When the first Rector, Walter de Gray, took up
his post in 1207, England was ruled by King John, a man damned by
his nicknames: Lackland and Softsword. Vicious, cruel
and tyrannical, he had already despatched (allegedly with
‘dispiteous torture’) the 17 year-old Prince Arthur (his deceased
elder brother’s son, who had a claim to the throne), and lost
Normandy. His own Barons forced him to sign Magna Carta in 1215; de
Gray was one of his advisors and supporters and so earned promotion
to the Archbishopric of York. But while these great events were
stirring, back in Saltwood villagers were busy expanding the little
stone Church, completed only 50 or 60 years before, with a new aisle
on the North side and a stone tower. Roger Martin comments: ‘Our
world is unimaginably different from that of Walter de Gray, yet, as
generations overlap, there inevitably exists a sense of continuity.
Rectors and parishioners come and go, but vital links remain,
binding past, present and future closely together’.

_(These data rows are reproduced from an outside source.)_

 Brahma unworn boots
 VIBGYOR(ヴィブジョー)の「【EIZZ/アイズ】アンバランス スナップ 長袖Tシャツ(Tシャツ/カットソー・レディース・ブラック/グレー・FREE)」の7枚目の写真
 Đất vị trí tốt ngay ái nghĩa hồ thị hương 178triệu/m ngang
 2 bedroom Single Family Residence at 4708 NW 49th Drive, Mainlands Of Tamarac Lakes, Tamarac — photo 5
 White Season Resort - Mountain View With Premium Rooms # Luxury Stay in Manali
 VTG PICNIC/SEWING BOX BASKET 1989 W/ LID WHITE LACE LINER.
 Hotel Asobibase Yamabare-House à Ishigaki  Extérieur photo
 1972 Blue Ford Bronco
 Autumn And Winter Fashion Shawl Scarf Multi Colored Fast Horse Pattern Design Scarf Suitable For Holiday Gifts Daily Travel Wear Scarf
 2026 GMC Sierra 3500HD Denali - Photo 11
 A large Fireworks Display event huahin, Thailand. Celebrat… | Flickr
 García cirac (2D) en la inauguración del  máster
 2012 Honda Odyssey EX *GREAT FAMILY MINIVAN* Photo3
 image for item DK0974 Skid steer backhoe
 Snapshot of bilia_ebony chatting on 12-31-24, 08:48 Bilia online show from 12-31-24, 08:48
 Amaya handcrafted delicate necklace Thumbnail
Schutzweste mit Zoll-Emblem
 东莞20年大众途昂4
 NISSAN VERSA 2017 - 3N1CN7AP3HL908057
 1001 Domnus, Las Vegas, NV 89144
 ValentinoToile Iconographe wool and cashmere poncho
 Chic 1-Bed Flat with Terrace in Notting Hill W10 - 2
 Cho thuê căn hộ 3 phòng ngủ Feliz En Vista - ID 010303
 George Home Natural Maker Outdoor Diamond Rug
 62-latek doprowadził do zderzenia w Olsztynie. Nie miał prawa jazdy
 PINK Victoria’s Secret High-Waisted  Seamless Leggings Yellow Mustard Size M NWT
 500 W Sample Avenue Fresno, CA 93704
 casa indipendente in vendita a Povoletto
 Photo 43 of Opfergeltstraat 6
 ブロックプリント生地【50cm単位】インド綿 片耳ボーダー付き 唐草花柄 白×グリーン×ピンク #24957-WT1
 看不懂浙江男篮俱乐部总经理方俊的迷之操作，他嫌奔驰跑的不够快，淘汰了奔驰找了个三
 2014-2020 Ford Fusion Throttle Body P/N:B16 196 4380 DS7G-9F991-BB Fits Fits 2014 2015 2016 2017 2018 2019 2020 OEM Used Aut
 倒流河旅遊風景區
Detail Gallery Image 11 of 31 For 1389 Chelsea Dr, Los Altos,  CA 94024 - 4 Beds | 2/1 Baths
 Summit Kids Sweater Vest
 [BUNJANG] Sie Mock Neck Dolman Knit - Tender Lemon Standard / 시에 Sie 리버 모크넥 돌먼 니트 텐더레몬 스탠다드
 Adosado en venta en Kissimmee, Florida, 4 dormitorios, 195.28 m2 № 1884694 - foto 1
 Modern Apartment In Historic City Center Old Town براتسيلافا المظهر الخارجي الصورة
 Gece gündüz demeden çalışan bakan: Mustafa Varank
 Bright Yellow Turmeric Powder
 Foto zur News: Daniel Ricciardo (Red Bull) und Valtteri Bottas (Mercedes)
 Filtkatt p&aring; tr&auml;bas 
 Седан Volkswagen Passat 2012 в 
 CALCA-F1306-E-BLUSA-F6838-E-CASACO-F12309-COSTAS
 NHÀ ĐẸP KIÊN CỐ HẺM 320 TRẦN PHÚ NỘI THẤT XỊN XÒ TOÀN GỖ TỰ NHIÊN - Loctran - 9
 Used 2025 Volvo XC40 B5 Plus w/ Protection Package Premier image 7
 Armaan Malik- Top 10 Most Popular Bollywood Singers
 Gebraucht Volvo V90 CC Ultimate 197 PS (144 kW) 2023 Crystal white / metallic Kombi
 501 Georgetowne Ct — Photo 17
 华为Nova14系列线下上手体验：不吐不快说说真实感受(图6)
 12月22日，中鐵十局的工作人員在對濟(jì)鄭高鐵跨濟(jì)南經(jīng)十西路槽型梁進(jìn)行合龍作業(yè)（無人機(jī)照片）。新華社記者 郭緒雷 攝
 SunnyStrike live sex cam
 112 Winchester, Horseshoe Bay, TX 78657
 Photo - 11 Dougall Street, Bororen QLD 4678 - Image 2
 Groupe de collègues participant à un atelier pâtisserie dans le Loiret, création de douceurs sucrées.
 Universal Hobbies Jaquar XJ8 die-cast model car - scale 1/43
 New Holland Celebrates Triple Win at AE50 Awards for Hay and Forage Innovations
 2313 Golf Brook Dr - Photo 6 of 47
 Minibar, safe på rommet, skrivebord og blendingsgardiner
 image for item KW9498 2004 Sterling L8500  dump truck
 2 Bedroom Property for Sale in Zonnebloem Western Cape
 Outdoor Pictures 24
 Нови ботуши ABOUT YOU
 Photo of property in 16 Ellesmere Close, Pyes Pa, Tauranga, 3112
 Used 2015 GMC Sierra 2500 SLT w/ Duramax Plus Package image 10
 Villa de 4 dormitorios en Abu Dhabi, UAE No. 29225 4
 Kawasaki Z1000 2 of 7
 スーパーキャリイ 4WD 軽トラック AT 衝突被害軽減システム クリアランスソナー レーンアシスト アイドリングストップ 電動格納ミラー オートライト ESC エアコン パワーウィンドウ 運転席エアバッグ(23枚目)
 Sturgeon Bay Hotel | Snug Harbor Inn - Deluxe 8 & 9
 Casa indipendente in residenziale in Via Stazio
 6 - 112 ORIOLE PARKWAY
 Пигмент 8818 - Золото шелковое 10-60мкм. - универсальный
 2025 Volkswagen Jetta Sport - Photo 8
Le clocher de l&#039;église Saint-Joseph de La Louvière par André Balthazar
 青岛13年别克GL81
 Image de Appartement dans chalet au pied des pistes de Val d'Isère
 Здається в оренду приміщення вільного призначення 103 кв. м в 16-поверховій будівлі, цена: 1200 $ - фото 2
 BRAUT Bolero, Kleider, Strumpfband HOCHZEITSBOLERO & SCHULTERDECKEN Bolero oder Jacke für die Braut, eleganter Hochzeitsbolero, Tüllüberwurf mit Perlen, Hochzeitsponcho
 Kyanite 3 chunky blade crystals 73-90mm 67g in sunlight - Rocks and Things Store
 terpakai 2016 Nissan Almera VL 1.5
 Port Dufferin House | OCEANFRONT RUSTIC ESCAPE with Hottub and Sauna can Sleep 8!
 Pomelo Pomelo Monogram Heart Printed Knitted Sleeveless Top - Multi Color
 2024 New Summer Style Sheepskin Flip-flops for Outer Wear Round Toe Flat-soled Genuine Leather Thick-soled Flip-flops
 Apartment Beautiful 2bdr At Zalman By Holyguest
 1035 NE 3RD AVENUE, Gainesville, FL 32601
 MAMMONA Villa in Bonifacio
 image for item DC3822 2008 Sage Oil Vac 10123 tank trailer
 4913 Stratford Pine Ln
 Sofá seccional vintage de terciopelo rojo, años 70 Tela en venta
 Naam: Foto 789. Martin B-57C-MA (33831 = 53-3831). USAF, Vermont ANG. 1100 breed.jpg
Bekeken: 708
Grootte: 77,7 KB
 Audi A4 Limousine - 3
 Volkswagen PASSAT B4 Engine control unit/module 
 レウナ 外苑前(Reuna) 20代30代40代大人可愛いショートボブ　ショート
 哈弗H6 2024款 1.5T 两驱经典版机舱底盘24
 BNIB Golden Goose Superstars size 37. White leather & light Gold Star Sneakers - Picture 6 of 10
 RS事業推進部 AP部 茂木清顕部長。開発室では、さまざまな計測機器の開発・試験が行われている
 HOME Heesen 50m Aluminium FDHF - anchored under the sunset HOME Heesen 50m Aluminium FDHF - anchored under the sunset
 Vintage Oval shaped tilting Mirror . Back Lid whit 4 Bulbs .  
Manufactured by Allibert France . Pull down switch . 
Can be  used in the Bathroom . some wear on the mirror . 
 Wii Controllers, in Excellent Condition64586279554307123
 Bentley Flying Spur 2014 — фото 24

The book is written by Mike Umbers, well known to
readers of this Newsletter, with help from Brian Doorne (also a
Civic Society contributor, and one of our knowledgeable Town Guides)
who provided the photographs. Included is a list of the Rectors –
some interesting names appear here, men who played a part in a wider
sphere of England’s story – and a Map of the Boundaries of the Civil
and Ecclesiastical Parishes, of particular interest because it shows
that they are by no means congruent. This detail may come as a
surprise: much of North Hythe, though under the administration of
Hythe Town Council, is in fact in the Ecclesiastical Parish of
Saltwood.
Where do you live -
are you sure?
The book is on sale in the Hythe
Bookshop at £6.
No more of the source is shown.